In the 1970s and 1980s, a new wave of immigrants with roots in Hunan and Sichuan (think “Szechwan”) provinces -- both home to famous cuisines noted for fragrant, spicy flavorings -- opened restaurants in U.S. cities. But in case American palates weren’t ready for such intricate fare, traditional recipes were modified to fit the market.

That happened with kungpao chicken, a fiery Sichuan dish that was tamed -- some would say dumbed down -- for an American audience.

“Every single family in Sichuan probably knows how to make it,” says Yang Jianping, a taxi driver in Chengdu, the province’s capital city.

Advertisement

“I’ll tell you right now: I’ve never been to America, but I know that Sichuan food there is nothing like here. You have your tastes, we have ours,” he says. “But I would probably take a bite of American kungpao chicken and spit it out.”

One dish that emerged from the pack was General Tso’s chicken. Although the recipe remains quite malleable -- in some American restaurants, the chicken is sweet and unbreaded, in others spicy or batter-fried -- it was a hit and remains on virtually every Chinese American restaurant’s list of “chef’s specials.”

This is somewhat bewildering to folks in the place that the general called home.

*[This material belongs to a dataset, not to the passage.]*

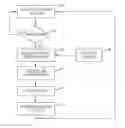 Fig. 01 - SYSTEM AND METHOD FOR COLLABORATIVE SHARING OF DIGITAL CURRENCY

“You’re telling me there’s a chicken dish named in his memory?” says Geng Ermao, proprietress of a family-style restaurant in Changsha, the provincial capital of Hunan. Her face wrinkles. “You say Americans who eat Chinese food are familiar with his name? I don’t know of it, and you’d think I’d know.”

Head north from Changsha, drive for about an hour and you’ll reach Wenjialong, a verdant valley of tucked-away farms and small houses. Here, living quiet lives, are the remaining descendants of the general, who died in 1885.

Zuo Rensi, another great-great-great grandson, opens the decaying gate of his ancestor’s courtyard home and leads visitors quietly into what was once the kitchen. He speaks quietly of the dish known here as “Zuo gongji” or “Zuo’s rooster.”

“I don’t know if he created the dish or it was made for him,” Zuo says. “But we all know about it. No one knows how to make it anymore though.”

Advertisement

Aside from his formidable military career -- including campaigns to crush the Taiping Rebellion and an uprising in the predominantly Muslim western region of Xinjiang -- Zuo was known for his belief that China needed to modernize to survive. His method: using tried-and-true Western innovations to improve upon Chinese traditions.

This is instructive when considering the global journey of General Tso’s chicken. In a recent random sampling of more than a dozen restaurants in Hunan province, only one -- near Changsha’s main train station -- offered Zuo’s rooster on the menu.

What arrived was a melancholy mix of vegetables, shallots and greasy, scrawny pieces of chicken studded with perilous slivers of bone -- a far cry from the juicy, boneless poultry chunks familiar to Americans.

“Chinese are going all over the world, and they’re taking their recipes with them. It can only get better and more professional,” says Chen, the cooking-school instructor.

Usually, though, the Chinese version of Chinese food is far tastier than its American imitation. Not this time. And there’s not a Zuo in town who can explain why.

“All the Zuos who could leave here left. Maybe they took it with them,” says Zuo Jingyou, who doubts that he will ever make it to the United States to sample the descendant of his ancestor’s eponymous meal. “I don’t know the story of the dish. I really wish I did.”